**Entries supplied:**

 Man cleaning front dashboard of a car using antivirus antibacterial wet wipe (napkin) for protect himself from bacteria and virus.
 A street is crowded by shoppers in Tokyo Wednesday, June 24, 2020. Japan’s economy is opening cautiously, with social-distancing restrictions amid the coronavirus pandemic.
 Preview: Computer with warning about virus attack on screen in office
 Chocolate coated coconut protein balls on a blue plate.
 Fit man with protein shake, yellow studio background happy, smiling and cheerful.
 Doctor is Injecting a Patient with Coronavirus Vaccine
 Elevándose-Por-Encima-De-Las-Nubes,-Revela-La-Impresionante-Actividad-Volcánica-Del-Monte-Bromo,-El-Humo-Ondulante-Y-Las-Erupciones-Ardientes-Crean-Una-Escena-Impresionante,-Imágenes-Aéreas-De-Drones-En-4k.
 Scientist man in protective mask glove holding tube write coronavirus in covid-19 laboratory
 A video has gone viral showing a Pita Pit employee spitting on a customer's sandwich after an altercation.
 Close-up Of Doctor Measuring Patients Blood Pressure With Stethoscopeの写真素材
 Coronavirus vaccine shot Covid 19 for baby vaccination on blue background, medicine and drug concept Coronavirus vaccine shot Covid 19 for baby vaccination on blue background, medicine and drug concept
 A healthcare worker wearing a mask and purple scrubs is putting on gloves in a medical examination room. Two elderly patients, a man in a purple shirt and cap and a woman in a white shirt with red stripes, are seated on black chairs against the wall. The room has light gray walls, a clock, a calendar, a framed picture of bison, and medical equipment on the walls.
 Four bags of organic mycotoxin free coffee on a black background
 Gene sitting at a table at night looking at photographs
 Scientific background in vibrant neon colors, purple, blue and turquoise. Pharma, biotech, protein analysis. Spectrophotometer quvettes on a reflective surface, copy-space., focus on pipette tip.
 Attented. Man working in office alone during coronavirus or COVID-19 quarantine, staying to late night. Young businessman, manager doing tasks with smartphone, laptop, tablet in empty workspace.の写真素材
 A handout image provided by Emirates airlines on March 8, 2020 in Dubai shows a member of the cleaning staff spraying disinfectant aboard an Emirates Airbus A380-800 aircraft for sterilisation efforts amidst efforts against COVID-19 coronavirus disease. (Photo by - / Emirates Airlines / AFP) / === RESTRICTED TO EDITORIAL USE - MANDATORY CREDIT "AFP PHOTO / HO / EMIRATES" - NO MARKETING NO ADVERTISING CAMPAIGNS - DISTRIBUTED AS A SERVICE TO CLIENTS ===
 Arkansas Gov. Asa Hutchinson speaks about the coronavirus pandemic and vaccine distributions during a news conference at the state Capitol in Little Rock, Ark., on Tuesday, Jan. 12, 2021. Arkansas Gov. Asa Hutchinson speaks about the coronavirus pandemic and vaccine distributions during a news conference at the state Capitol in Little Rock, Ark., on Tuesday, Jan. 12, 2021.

**What the exercise asks:**
Transcribe every record exactly.

**Exercise response:**
 Man cleaning front dashboard of a car using antivirus antibacterial wet wipe (napkin) for protect himself from bacteria and virus.
 A street is crowded by shoppers in Tokyo Wednesday, June 24, 2020. Japan’s economy is opening cautiously, with social-distancing restrictions amid the coronavirus pandemic.
 Preview: Computer with warning about virus attack on screen in office
 Chocolate coated coconut protein balls on a blue plate.
 Fit man with protein shake, yellow studio background happy, smiling and cheerful.
 Doctor is Injecting a Patient with Coronavirus Vaccine
 Elevándose-Por-Encima-De-Las-Nubes,-Revela-La-Impresionante-Actividad-Volcánica-Del-Monte-Bromo,-El-Humo-Ondulante-Y-Las-Erupciones-Ardientes-Crean-Una-Escena-Impresionante,-Imágenes-Aéreas-De-Drones-En-4k.
 Scientist man in protective mask glove holding tube write coronavirus in covid-19 laboratory
 A video has gone viral showing a Pita Pit employee spitting on a customer's sandwich after an altercation.
 Close-up Of Doctor Measuring Patients Blood Pressure With Stethoscopeの写真素材
 Coronavirus vaccine shot Covid 19 for baby vaccination on blue background, medicine and drug concept Coronavirus vaccine shot Covid 19 for baby vaccination on blue background, medicine and drug concept
 A healthcare worker wearing a mask and purple scrubs is putting on gloves in a medical examination room. Two elderly patients, a man in a purple shirt and cap and a woman in a white shirt with red stripes, are seated on black chairs against the wall. The room has light gray walls, a clock, a calendar, a framed picture of bison, and medical equipment on the walls.
 Four bags of organic mycotoxin free coffee on a black background
 Gene sitting at a table at night looking at photographs
 Scientific background in vibrant neon colors, purple, blue and turquoise. Pharma, biotech, protein analysis. Spectrophotometer quvettes on a reflective surface, copy-space., focus on pipette tip.
 Attented. Man working in office alone during coronavirus or COVID-19 quarantine, staying to late night. Young businessman, manager doing tasks with smartphone, laptop, tablet in empty workspace.の写真素材
 A handout image provided by Emirates airlines on March 8, 2020 in Dubai shows a member of the cleaning staff spraying disinfectant aboard an Emirates Airbus A380-800 aircraft for sterilisation efforts amidst efforts against COVID-19 coronavirus disease. (Photo by - / Emirates Airlines / AFP) / === RESTRICTED TO EDITORIAL USE - MANDATORY CREDIT "AFP PHOTO / HO / EMIRATES" - NO MARKETING NO ADVERTISING CAMPAIGNS - DISTRIBUTED AS A SERVICE TO CLIENTS ===
 Arkansas Gov. Asa Hutchinson speaks about the coronavirus pandemic and vaccine distributions during a news conference at the state Capitol in Little Rock, Ark., on Tuesday, Jan. 12, 2021. Arkansas Gov. Asa Hutchinson speaks about the coronavirus pandemic and vaccine distributions during a news conference at the state Capitol in Little Rock, Ark., on Tuesday, Jan. 12, 2021.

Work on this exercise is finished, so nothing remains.